E ora che fatto outing ...

L’eco delle vicende italiche, ultimamente, mi è arrivata sporadicamente, a causa di un contesto piuttosto problematico dal punto di vista dei collegamenti (facevo la spola tra Cile e Argentina, e soprattutto tra posti dimenticati da Dio e dagli uomini). Quando potevo avere accesso all’ Internet, spesso fortunosamente, mi collegavo con il Corriere e, nella blogosfera, con il blog di Rob, che però stavolta è stato un po’ latitante per quel che riguarda l’Italia, essendosi buttato a capo fitto sull’inglese (e la cosa mi fa piacere per lui ma a me toglie una fonte di illuminazione non da poco, come lui sa bene, anche se probabilmente non gliene può importare di meno …).
Comunque, a parte la vittoria del Cavaliere, alla quale non ho potuto contribuire anche se ne avrei avuto l’intenzione, mi sono interessato poco. In questi giorni ho seguito il caso Travaglio, e la cosa non mi ha minimamente entusiasmato. Però ci ha pensato Filippo Facci (anche qui e qui) e quindi la mia disistima ha trovato uno sfogo più che degno.
Oggi leggo sul Corriere che il Travaglio ha fatto outing per dire che ha votato Di Pietro. Poi che Beppe Grillo gli ha aperto le porte del suo blog. Il quadro è così completo. Poi dice che uno sta troppo volentieri lontano dall’Italia. Per fortuna questa gente fa perdere le elezioni a chi è bene che le perda, e tanto mi basta e avanza.

18 gennaio 2007

Giustizia ingiusta

Ci sono notizie "giudiziarie" che definire imbarazzanti è un pietoso eufemismo. Cito per comodità dal Riformista di oggi:

Uno dei consulenti dei pm impegnati nell’esame delle forbici sequestrate a casa dell’ingegnere Elvo Zornitta - il presunto Unabomber da settimane sbattuto in prima pagina e sulle tv di tutt’Italia - è stato iscritto nel registro degli indagati dalla procura della repubblica di Trieste. Secondo il sito internet di Panorama avrebbe - il condizionale è d’obbligo - modificato le forbici al fine di renderle compatibili con un lamierino di ottone trovato nell’ordigno inesploso il 2 aprile 2004 nella chiesa di Portogruaro, in provincia di Venezia.

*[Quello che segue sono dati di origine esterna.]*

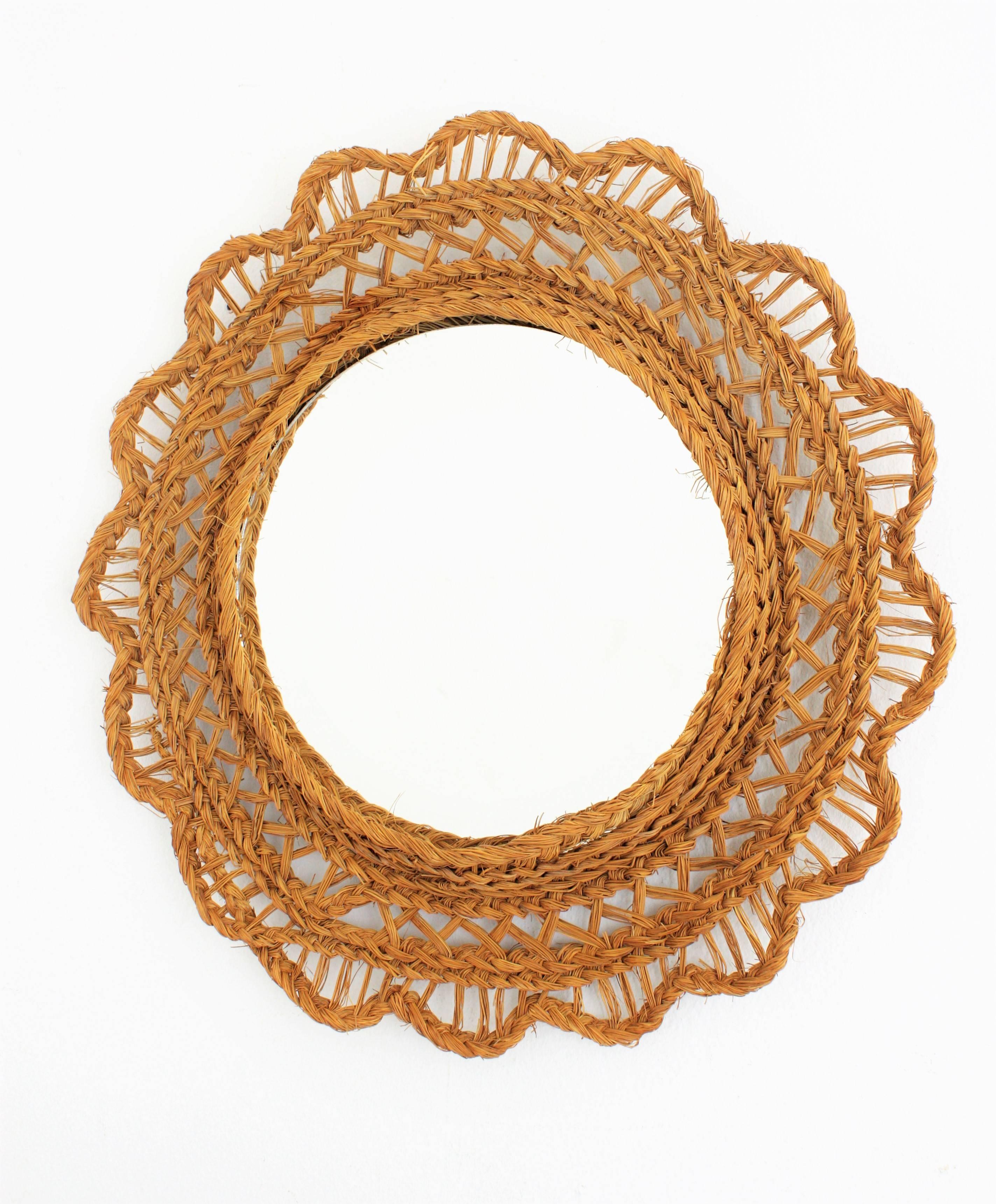 Mid-Century Modern Unusual Spanish Mid-20th Century Handwoven Esparto Grass Flower Shaped Mirror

Per uno che viaggia per lavoro fuori dall'Italia per gran parte dell'anno queste sono cose che fanno passare la voglia di tornare e inducono a decidersi una buona volta ad accettare qualche proposta che preveda un espatrio pressoché definitivo. Comunque, sperando che la notizia possa essere smentita dai fatti, non resta che associarsi alle considerazioni conclusive dell'editoriale succitato.